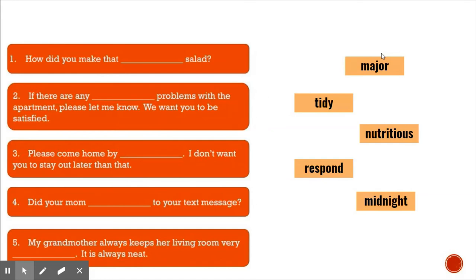I am going to go ahead and read the sentences for you. And if you want, you can repeat after me. How did you make that blank salad? If there are any blank problems with the apartment, please let me know — we want you to be satisfied. Please come home by blank; I don't want you to stay out later than that. Did your mom blank to your text message? My grandmother always keeps her living room very blank — it is always neat.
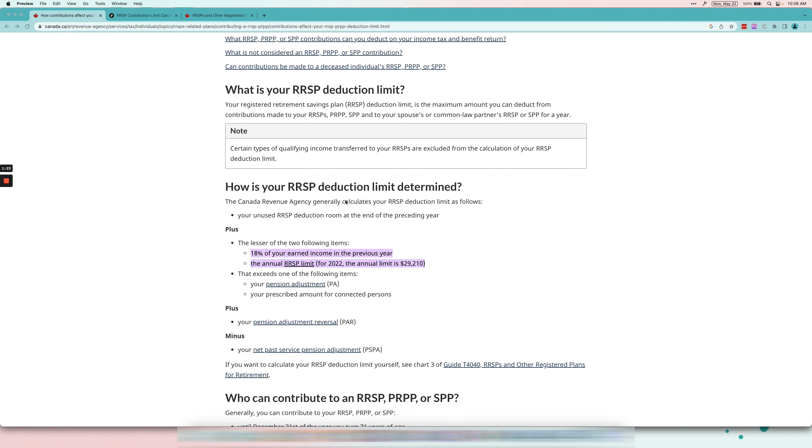Now if you want to do things the hard way and you want to calculate it yourself, it's easy if you're a T4 only employee because it's just 18% of your earned income. Earned income is something different. If you have capital gains and losses, those don't really count towards your RRSP limit because it has to be earned income.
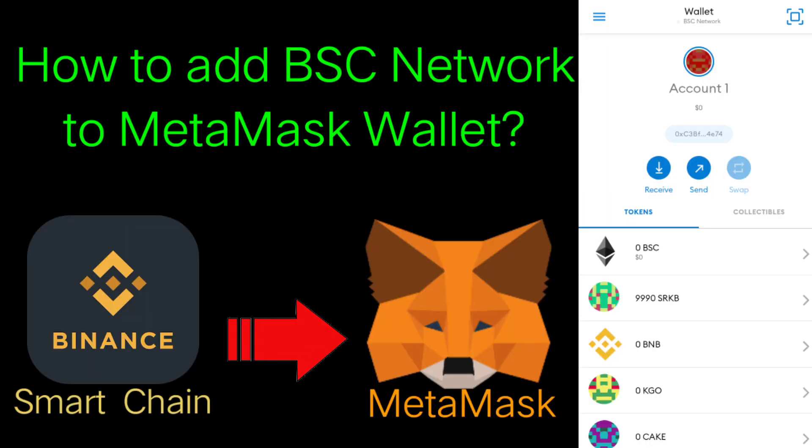Hello crypto traders, crypto enthusiasts, and crypto explorers. Welcome to my channel. In this video, I'm going to teach you how to add BSC network to MetaMask wallet. Let's start. I will go to my MetaMask wallet.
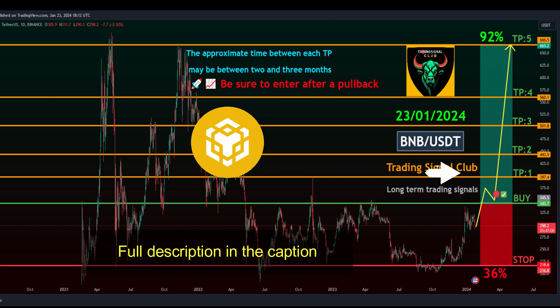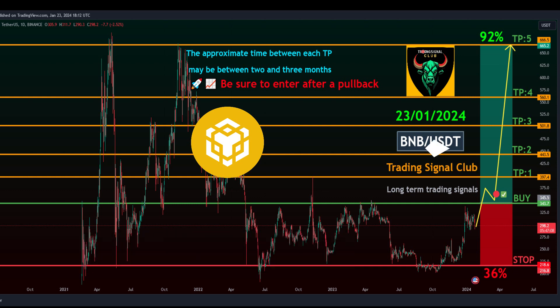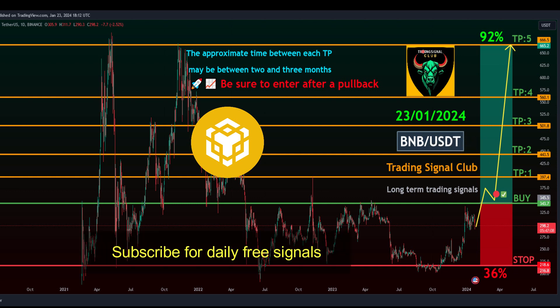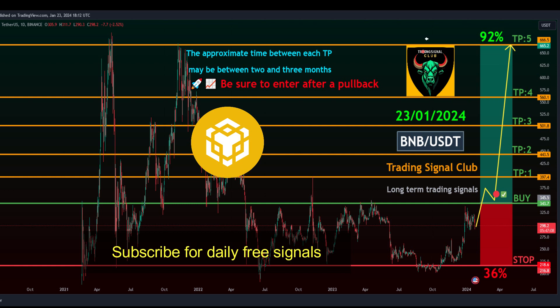Target one: 397.4. Target two: 443.5. Target three: 501.8. Target four: 560.1. Target five: 666.5. Stop loss level: 218.6.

- [Task to carry out]:
Return the listing above word for word. Keep the images out.

- [Result of the task]:
I am going to go ahead and read the sentences for you. And if you want, you can repeat after me. How did you make that blank salad? If there are any blank problems with the apartment, please let me know — we want you to be satisfied. Please come home by blank; I don't want you to stay out later than that. Did your mom blank to your text message? My grandmother always keeps her living room very blank — it is always neat.
Now if you want to do things the hard way and you want to calculate it yourself, it's easy if you're a T4 only employee because it's just 18% of your earned income. Earned income is something different. If you have capital gains and losses, those don't really count towards your RRSP limit because it has to be earned income.
Hello crypto traders, crypto enthusiasts, and crypto explorers. Welcome to my channel. In this video, I'm going to teach you how to add BSC network to MetaMask wallet. Let's start. I will go to my MetaMask wallet.
Target one: 397.4. Target two: 443.5. Target three: 501.8. Target four: 560.1. Target five: 666.5. Stop loss level: 218.6.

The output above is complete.